» Captioned web image data:
^^^^^^^^^^^^^^^^

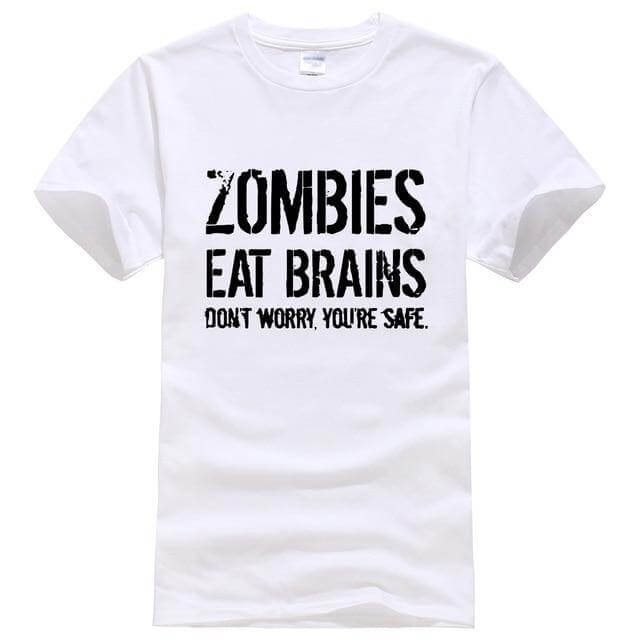 Zombies Eat Brains Funny T-shirt - MaviGadget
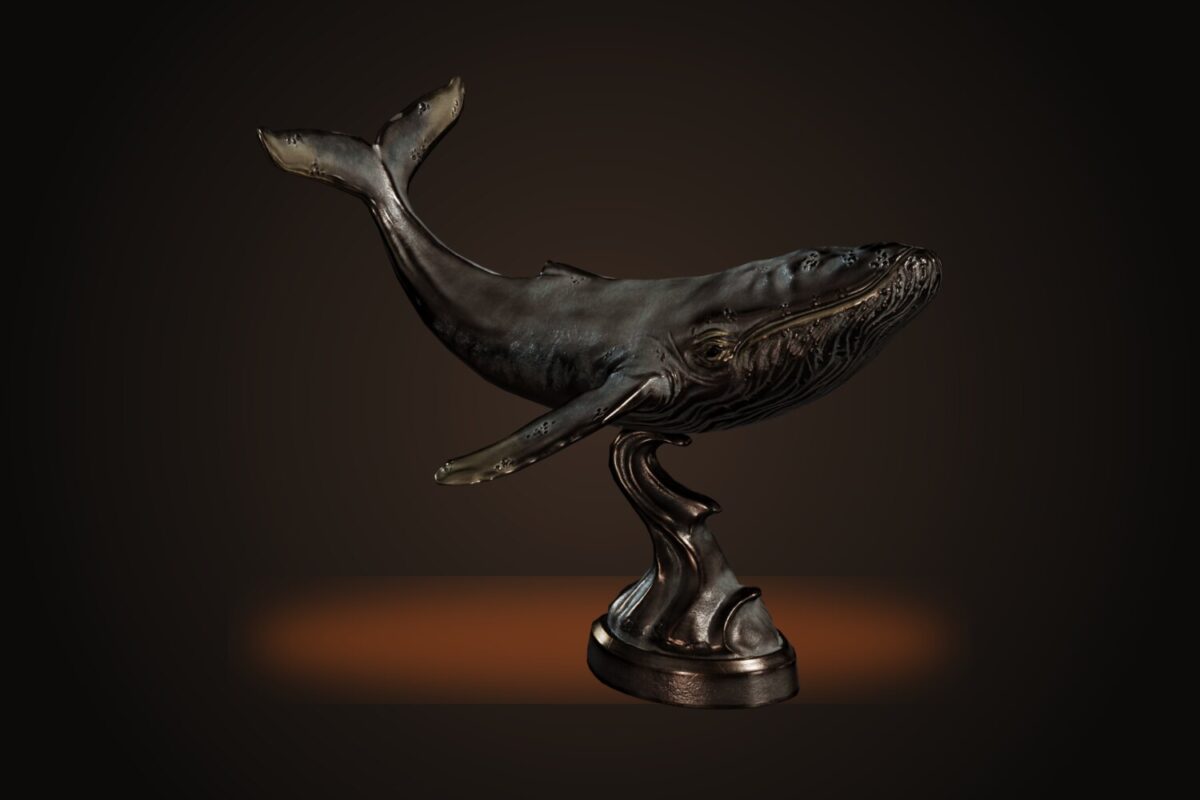 Bronze Whale Statue Model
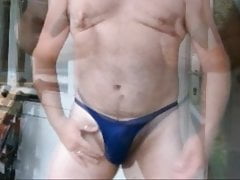 BLUE THONG CUM PLAY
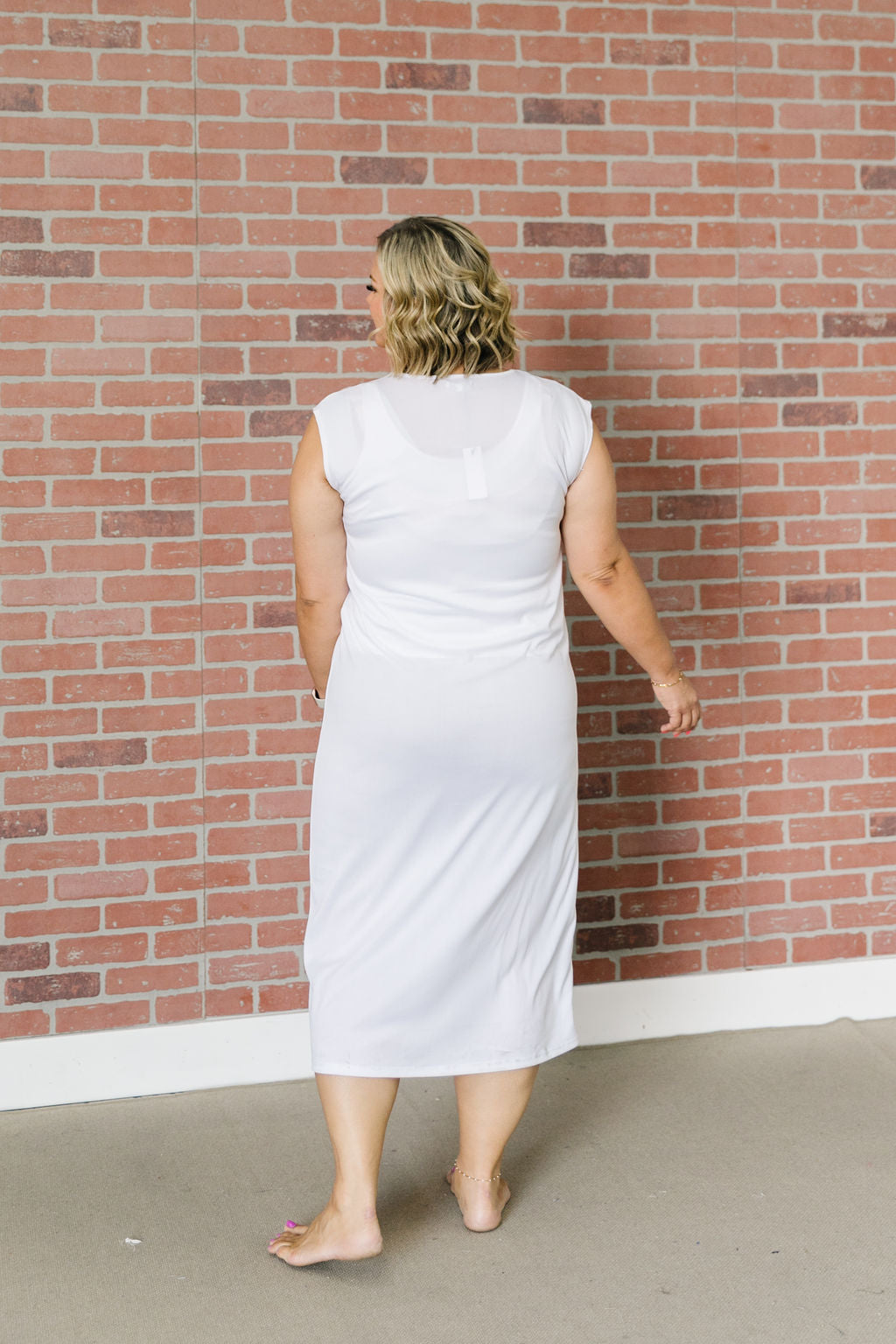White Maxi Slip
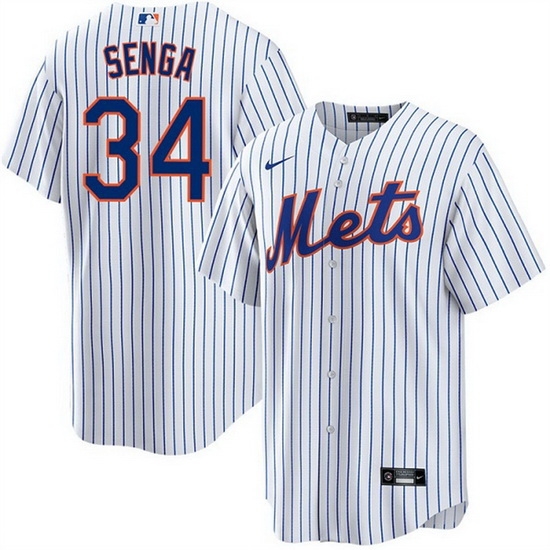 Men New York Mets 34 Kodai Senga White Cool Base Stitched Jersey Men New York Mets 34 Kodai Senga White Cool Base Stitched Jersey
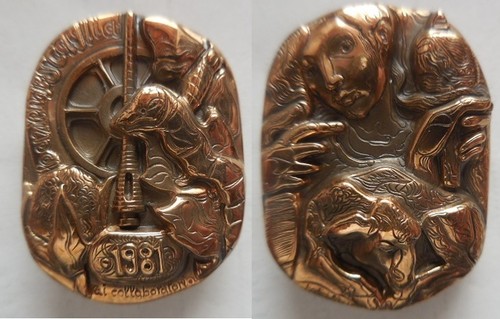 Skulptur medaille inkl bodini - skulptur,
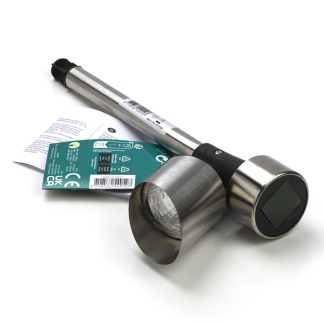 Lumineo Solar prikspot | Lumineo | 23.5 cm (Led, Schemersensor, Warm wit, RVS) 894647 K150101188 - 4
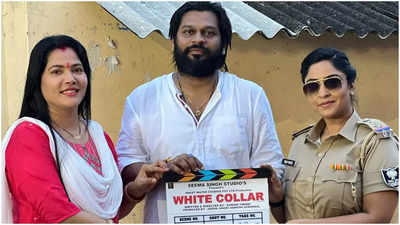Shubhi Sharma wraps up the shoot of 'White Collar'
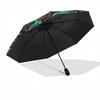 Prehistoric Dinosaur Emblem pattern umbrella, portable and foldable design, 8 ribs, a casual accessory for Halloween, Christmas, and birthday gifts.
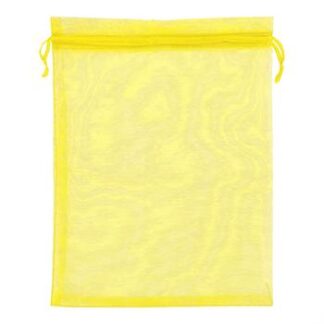 Saco de Organza 17*23 Amarelo Pacote c/ 10
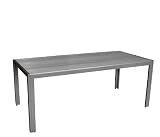 Gartentisch Aluminium / Non-Wood 205x90cm Anthr./S.Grau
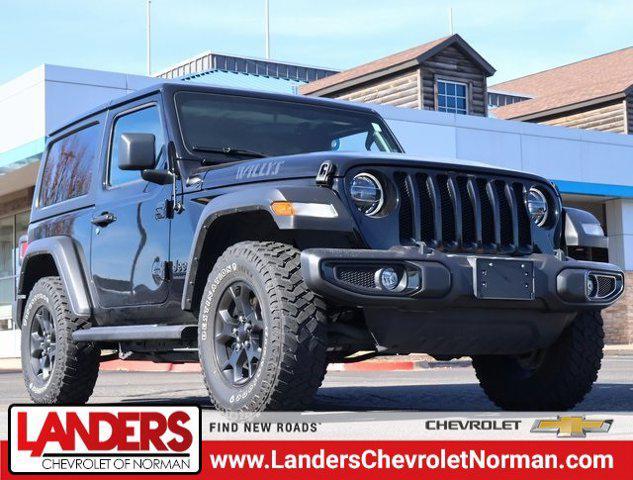 used 2022 Jeep Wrangler car, priced at $31,988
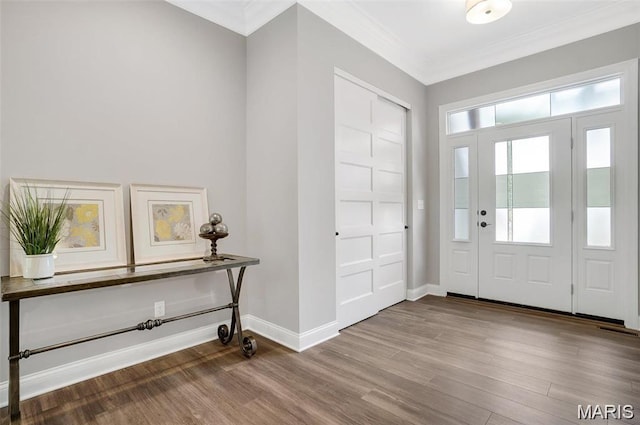 10 Schaper Farms Ct, Foristell, MO 63348 - entryway with crown molding and wood finished floors
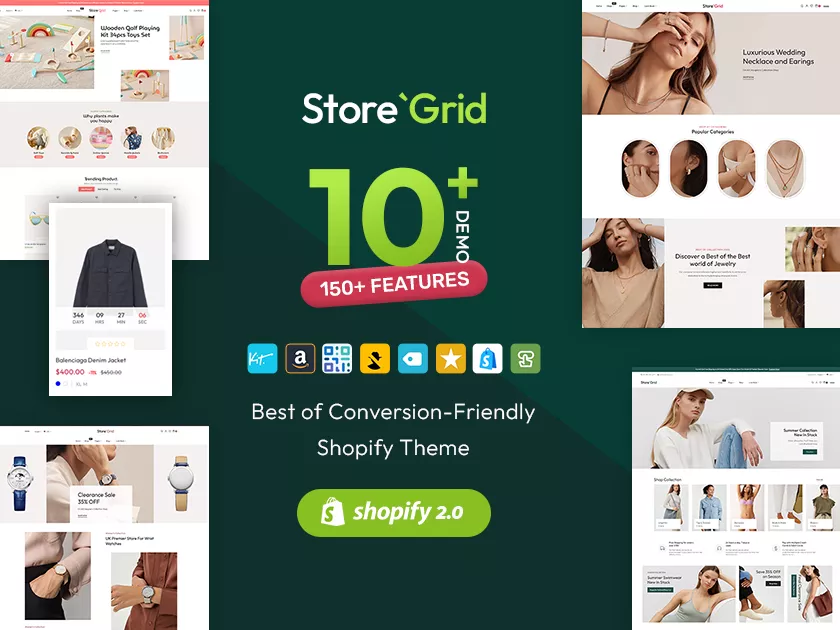 StoreGrid - Fashion & Accessory High level Shopify 2.0 Multi-purpose Theme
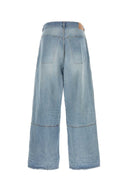Balenciaga Denim Wide Leg Jeans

^^^^^^^^^^^^^^^^

» Exercise objective: Output only the lines running from the one containing "used 2022 Jeep" to the end of the records, inclusive and exact; skip the pictures.

» Solution:
 used 2022 Jeep Wrangler car, priced at $31,988
 10 Schaper Farms Ct, Foristell, MO 63348 - entryway with crown molding and wood finished floors
 StoreGrid - Fashion & Accessory High level Shopify 2.0 Multi-purpose Theme
Balenciaga Denim Wide Leg Jeans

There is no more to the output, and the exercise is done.